▸ **THE TASK**
Copy out each line below verbatim, skipping any picture.

=== Begin Enclosure ===

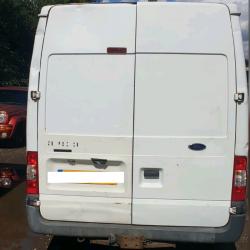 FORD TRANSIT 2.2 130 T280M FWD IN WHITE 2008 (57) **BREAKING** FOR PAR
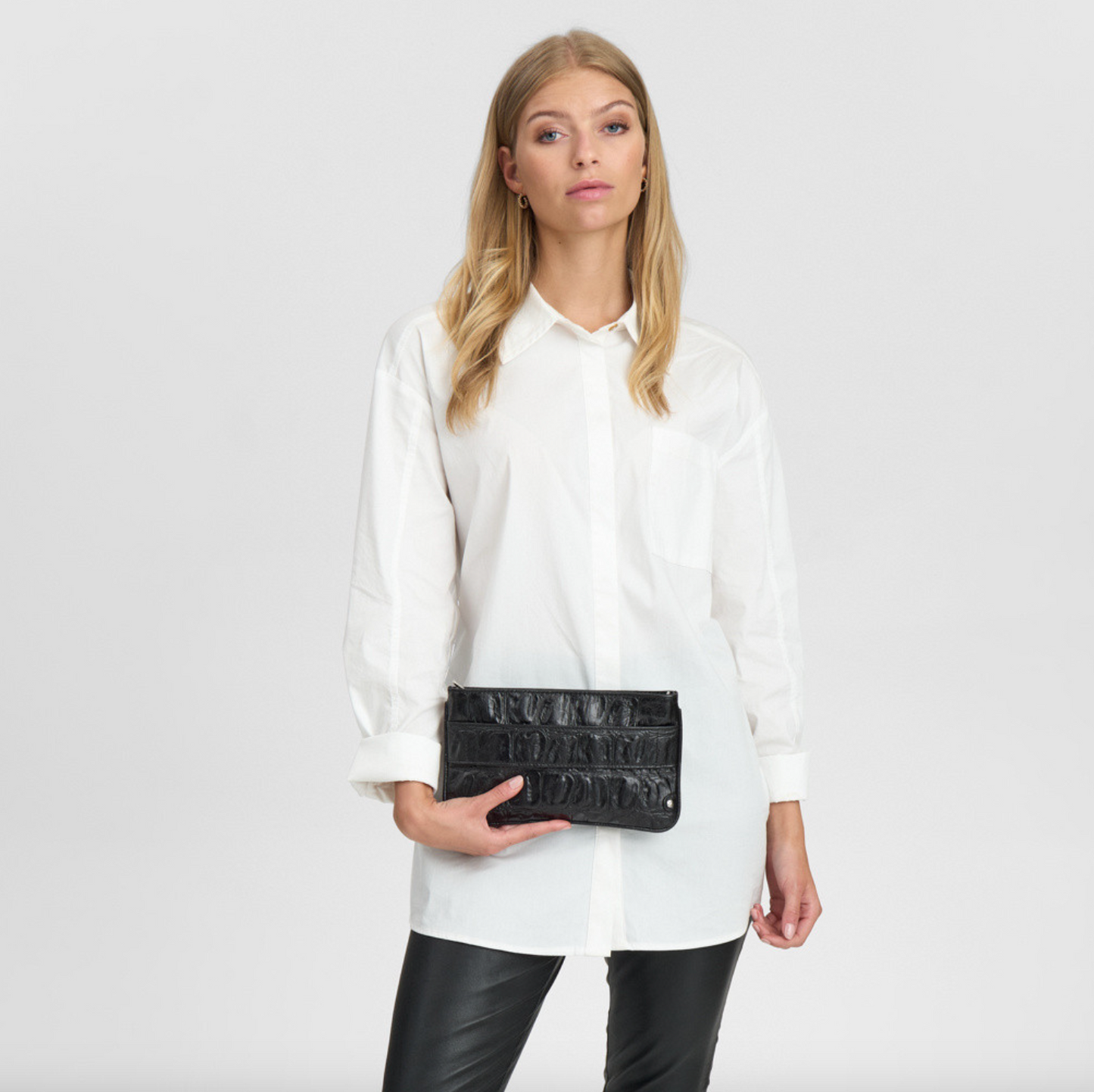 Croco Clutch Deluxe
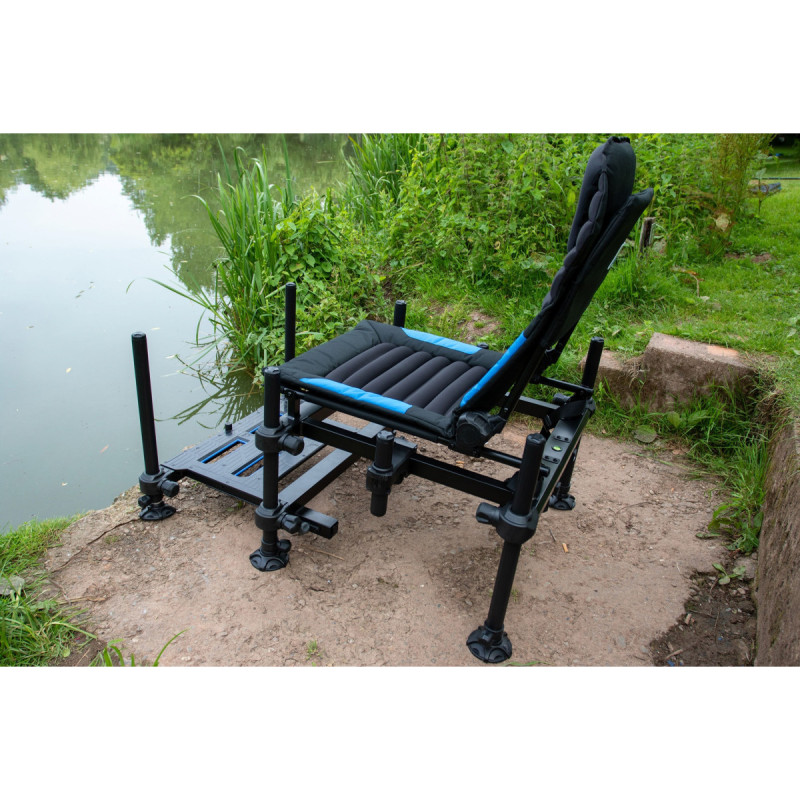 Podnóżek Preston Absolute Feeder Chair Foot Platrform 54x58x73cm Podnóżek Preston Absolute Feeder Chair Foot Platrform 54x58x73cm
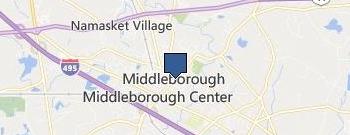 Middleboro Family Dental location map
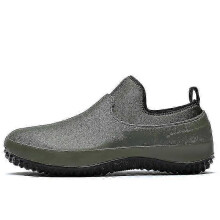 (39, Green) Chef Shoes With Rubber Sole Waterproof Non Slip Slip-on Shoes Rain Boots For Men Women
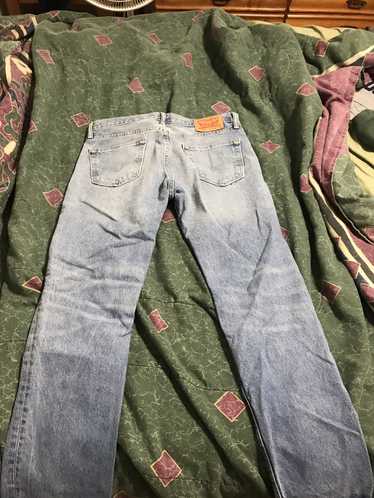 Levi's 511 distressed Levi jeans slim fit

=== End Enclosure ===

▸ **ANSWER TO THIS EXERCISE**
 FORD TRANSIT 2.2 130 T280M FWD IN WHITE 2008 (57) **BREAKING** FOR PAR
 Croco Clutch Deluxe
 Podnóżek Preston Absolute Feeder Chair Foot Platrform 54x58x73cm Podnóżek Preston Absolute Feeder Chair Foot Platrform 54x58x73cm
 Middleboro Family Dental location map
 (39, Green) Chef Shoes With Rubber Sole Waterproof Non Slip Slip-on Shoes Rain Boots For Men Women
 Levi's 511 distressed Levi jeans slim fit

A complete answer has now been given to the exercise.